Terror experts and U.S. officials say a Boko Haram assault Wednesday on a small city on the northern border of Nigeria may have killed as many as 2,000 civilians.
Many survivors fled into the nearby waters of Lake Chad, where some drowned and where others remain marooned on small islands, menaced by hippos, said a local government official.
In an interview with the BBC, district leader Musa Alhaji Bukar also estimated that 2,000 residents of Baga and 16 nearby towns had been killed by the Islamist terror group, and that Baga was now "virtually nonexistent," which would make the massacre among the most deadly terror attacks in history.
American experts say such reports are credible and that officials from Nigeria's central government, who have put the body count in the hundreds, are prone to underestimating death tolls.

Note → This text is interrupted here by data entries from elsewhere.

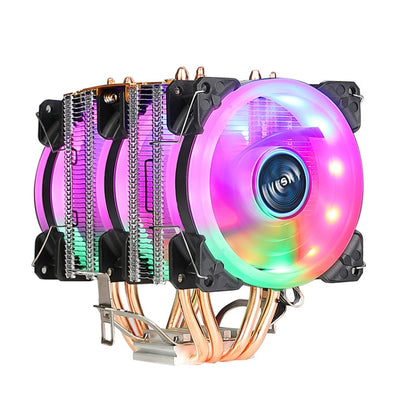EVESKY 600 Desktop Computer 4 Copper Tube Mute CPU Cooling Fan, No Light Three Fans, Color Three Fans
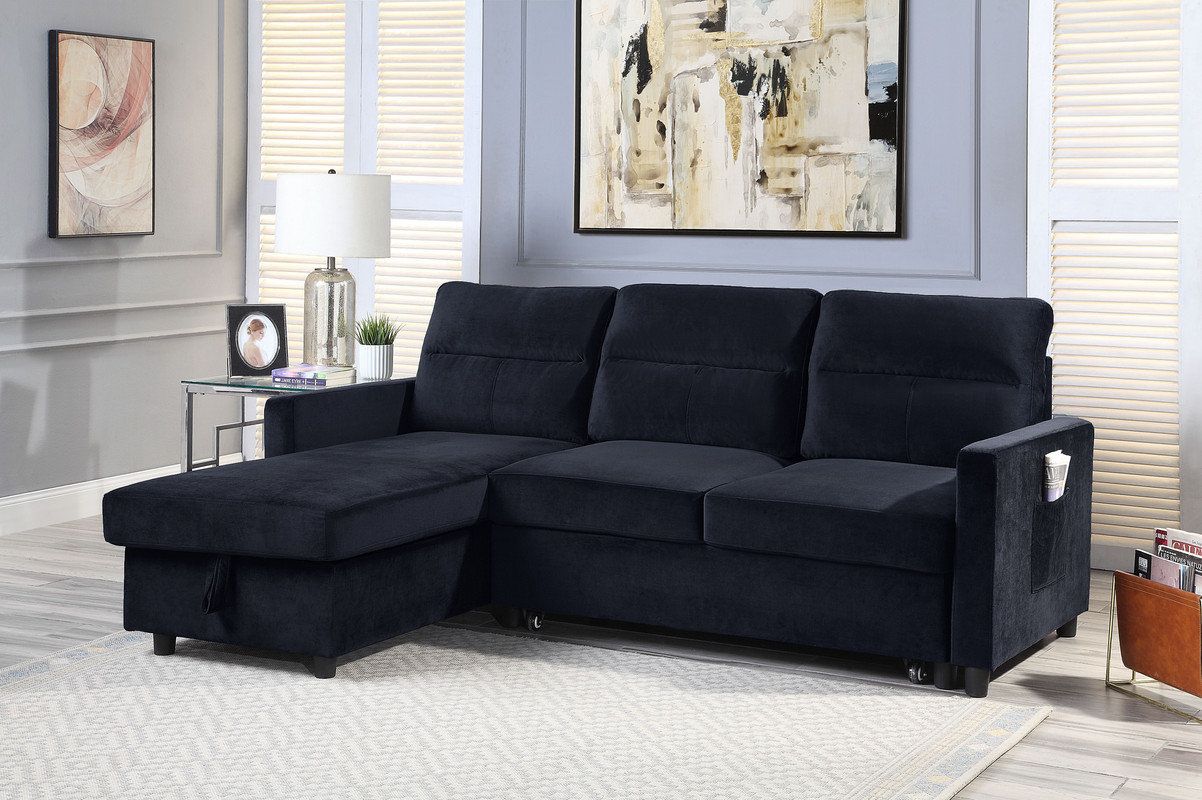 Ivy Black Velvet Reversible Sleeper Sectional Sofa, Storage Chaise ... with regard to Ivy Light Gray Velvet Reversible Sleeper Sectional Storage Chaise Sidepocket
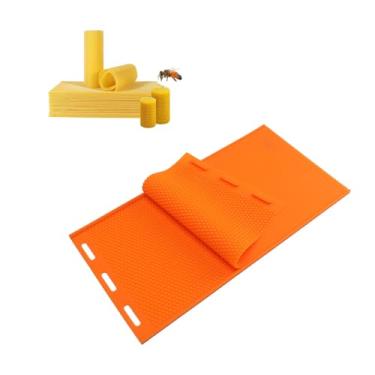 Imagem de 2 Folhas De Suprimentos De Apicultura De Cera De Abelha De Silicone De 5,4 Mm Para Apicultores, Folhas De Favo De Mel E Prensa De Base De Cera De Abelha Em Relevo, Cor Laranja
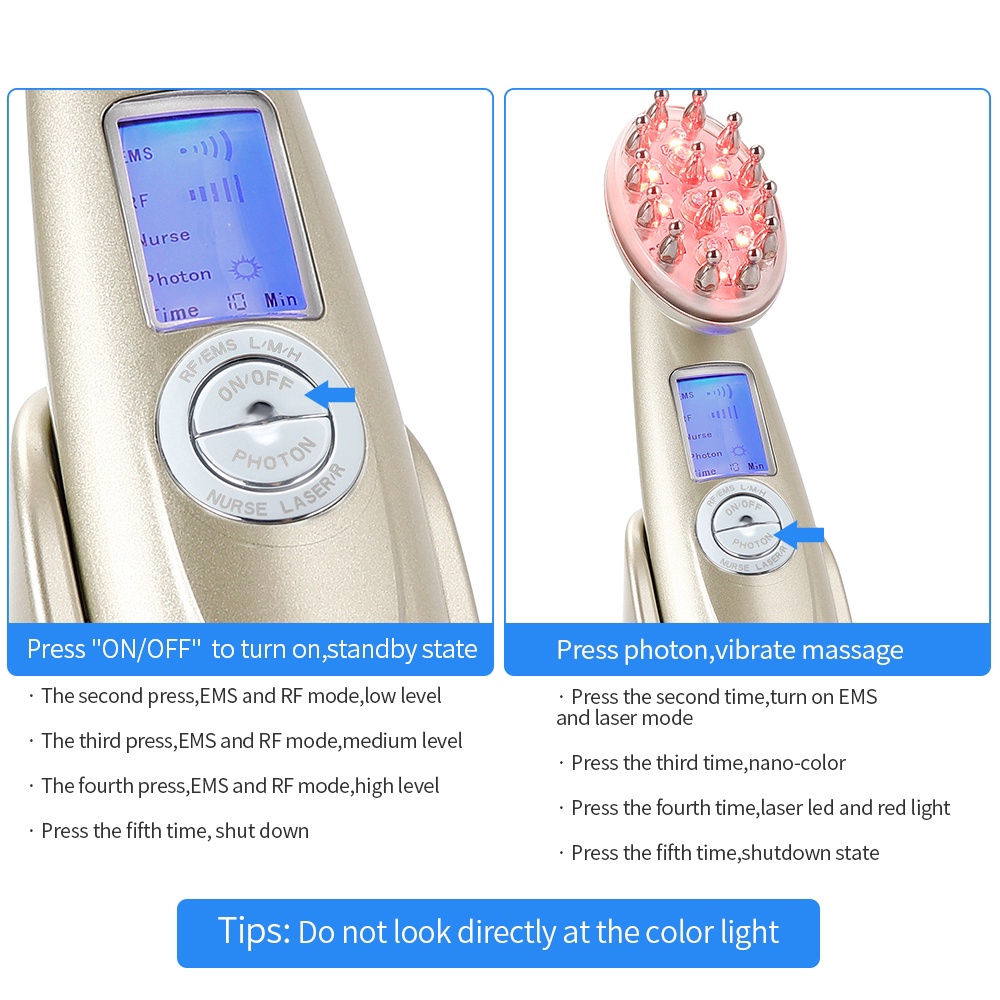 Rf Lược Điện laser Đèn led nano Kích Thích Mọc Tóc Chống Rụng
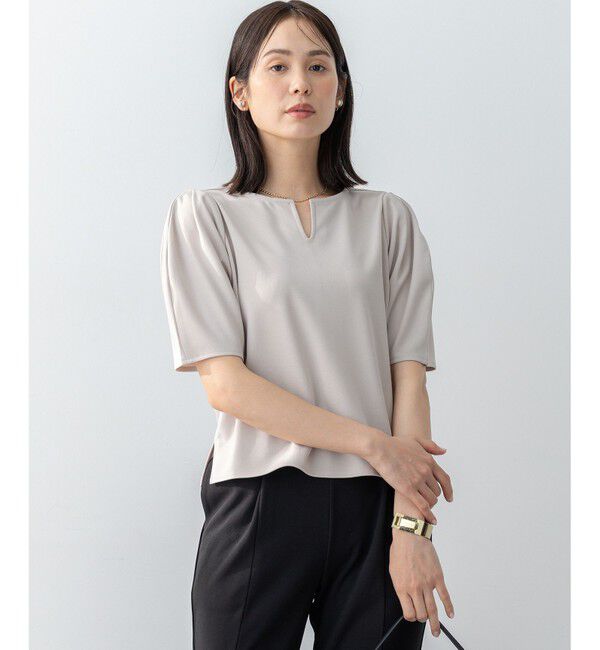 組曲「【WEB限定】ジョーゼットジャージーランタンスリーブ5分袖 ブラウス」|シャツ・ブラウス|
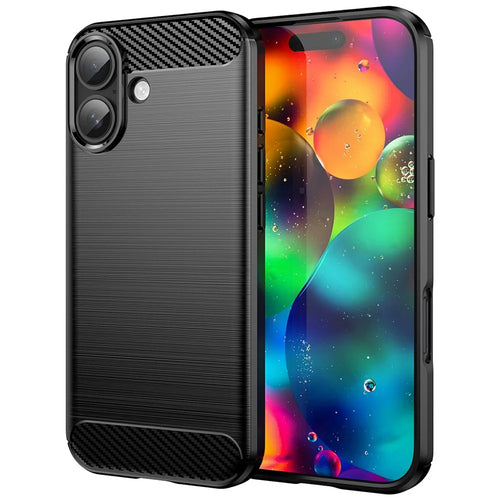 For iPhone 17 Case Protective Phone Cover Carbon Fiber Texture Brushed - Black - 1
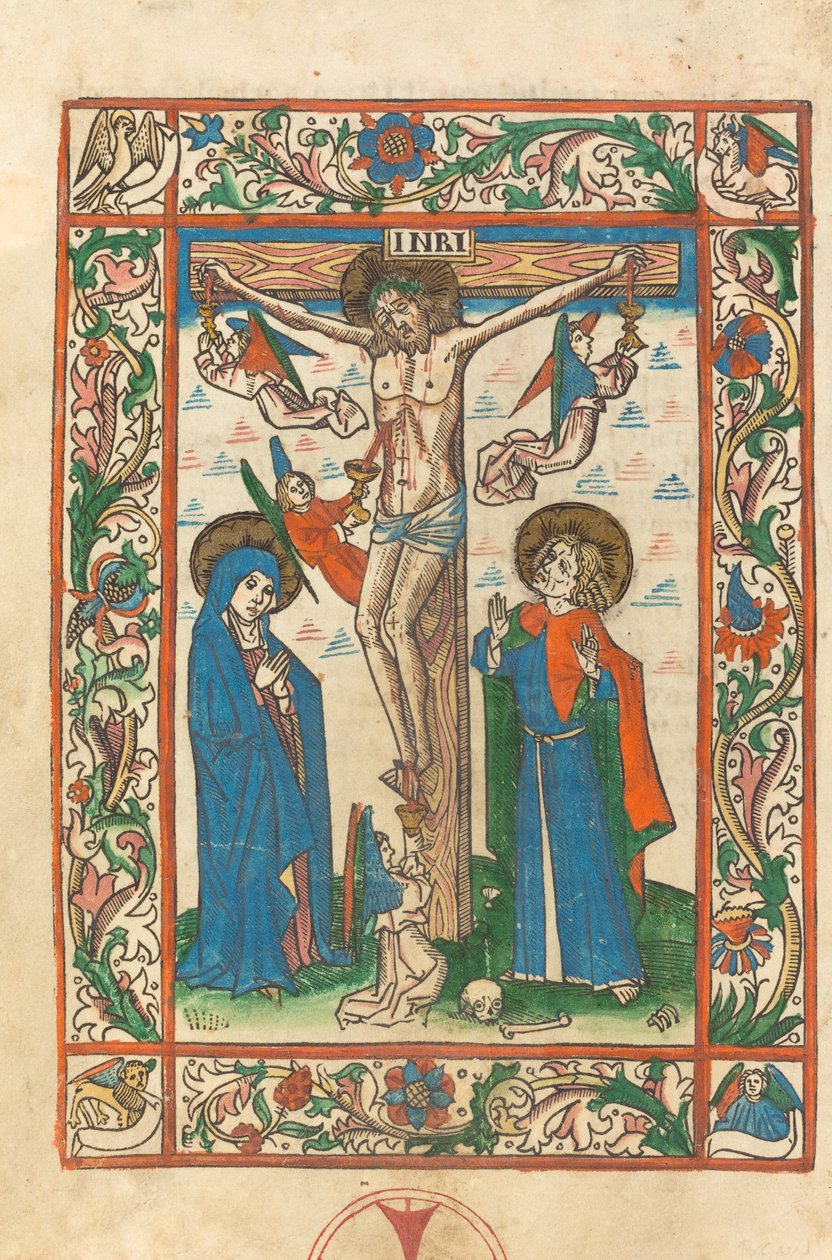 Kristus på korset med änglar av German 15th Century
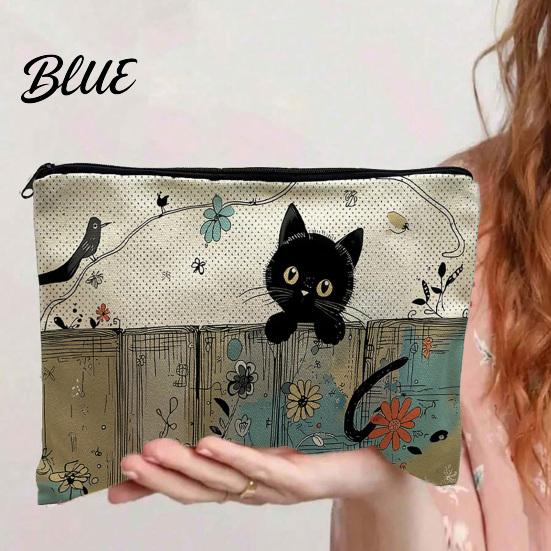Durable Stitched Bag Cat Printed Storage Bag with Smooth Zipper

A U.S. counterterrorism official said the tally of 2,000 deaths "may not be that far off."
John Campbell, a former ambassador to Nigeria who is now a senior fellow at the Council on Foreign Affairs, also agreed that the estimate of 2,000 was "not unreasonable," given the "magnitude" of the attack.
"We have to go by previous pattern and experience," said Campbell. J. Peter Pham, director of the Atlantic Council Africa Center, also told NBC News he believed the number was "credible."
All three, however, cautioned that getting an accurate death total was nearly impossible.
The attacks, a coordinated assault on the city and nearby towns, was brutal even for a terror group with a history of mass killings. According to the U.S. counterterrorism official, Boko Haram militants went door-to-door killing families, then strategically placed improvised explosive devices in the streets to funnel survivors into areas where firing squads were pre-positioned. "They were mowed down" by automatic weapons fire, the official said.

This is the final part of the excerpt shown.